#### Material for the task ####

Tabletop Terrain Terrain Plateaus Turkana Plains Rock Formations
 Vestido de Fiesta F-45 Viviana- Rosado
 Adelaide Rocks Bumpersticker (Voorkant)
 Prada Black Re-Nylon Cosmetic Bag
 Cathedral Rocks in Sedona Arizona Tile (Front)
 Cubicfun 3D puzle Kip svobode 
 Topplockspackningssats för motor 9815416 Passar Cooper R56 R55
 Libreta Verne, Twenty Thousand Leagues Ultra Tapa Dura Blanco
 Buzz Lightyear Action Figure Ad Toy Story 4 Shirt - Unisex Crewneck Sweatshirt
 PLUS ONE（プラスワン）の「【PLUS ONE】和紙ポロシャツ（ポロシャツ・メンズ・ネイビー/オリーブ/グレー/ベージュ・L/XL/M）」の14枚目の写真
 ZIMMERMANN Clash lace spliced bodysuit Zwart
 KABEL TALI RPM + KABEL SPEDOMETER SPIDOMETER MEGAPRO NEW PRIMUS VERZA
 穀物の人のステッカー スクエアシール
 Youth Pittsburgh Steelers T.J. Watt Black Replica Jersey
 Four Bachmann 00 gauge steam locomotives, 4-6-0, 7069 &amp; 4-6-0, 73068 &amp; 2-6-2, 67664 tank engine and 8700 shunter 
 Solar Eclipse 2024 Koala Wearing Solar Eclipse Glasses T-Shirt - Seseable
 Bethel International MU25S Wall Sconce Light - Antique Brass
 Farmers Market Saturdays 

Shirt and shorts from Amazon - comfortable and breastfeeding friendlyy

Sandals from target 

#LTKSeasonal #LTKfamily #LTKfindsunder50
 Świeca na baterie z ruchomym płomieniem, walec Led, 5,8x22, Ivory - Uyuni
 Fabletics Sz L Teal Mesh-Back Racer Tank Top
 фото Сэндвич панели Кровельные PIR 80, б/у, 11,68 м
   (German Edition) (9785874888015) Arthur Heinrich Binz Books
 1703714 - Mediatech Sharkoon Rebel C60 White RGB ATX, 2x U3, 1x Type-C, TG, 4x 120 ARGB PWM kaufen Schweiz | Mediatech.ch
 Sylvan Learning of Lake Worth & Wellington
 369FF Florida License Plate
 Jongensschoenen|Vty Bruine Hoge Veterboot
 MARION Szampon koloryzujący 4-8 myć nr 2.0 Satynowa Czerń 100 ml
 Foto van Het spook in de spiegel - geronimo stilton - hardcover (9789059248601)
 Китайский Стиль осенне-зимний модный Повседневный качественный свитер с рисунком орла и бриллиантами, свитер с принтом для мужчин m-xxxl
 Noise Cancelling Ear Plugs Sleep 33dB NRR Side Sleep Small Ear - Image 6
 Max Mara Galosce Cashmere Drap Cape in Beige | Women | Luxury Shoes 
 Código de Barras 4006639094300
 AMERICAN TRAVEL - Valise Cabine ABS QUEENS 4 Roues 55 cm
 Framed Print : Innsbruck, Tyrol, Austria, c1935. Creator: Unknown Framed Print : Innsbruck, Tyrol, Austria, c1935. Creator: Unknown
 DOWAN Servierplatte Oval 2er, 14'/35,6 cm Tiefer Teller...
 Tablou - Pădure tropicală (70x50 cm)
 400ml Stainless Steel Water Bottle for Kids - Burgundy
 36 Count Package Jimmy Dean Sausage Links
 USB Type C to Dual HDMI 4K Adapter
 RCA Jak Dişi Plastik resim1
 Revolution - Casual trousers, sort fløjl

####

Aim of the exercise> Please give again the lines above between the line holding "фото Сэндвич панели" and the line holding "MARION Szampon koloryzujący", inclusive, exactly as they are and with nothing added.

Answer box>
 фото Сэндвич панели Кровельные PIR 80, б/у, 11,68 м
   (German Edition) (9785874888015) Arthur Heinrich Binz Books
 1703714 - Mediatech Sharkoon Rebel C60 White RGB ATX, 2x U3, 1x Type-C, TG, 4x 120 ARGB PWM kaufen Schweiz | Mediatech.ch
 Sylvan Learning of Lake Worth & Wellington
 369FF Florida License Plate
 Jongensschoenen|Vty Bruine Hoge Veterboot
 MARION Szampon koloryzujący 4-8 myć nr 2.0 Satynowa Czerń 100 ml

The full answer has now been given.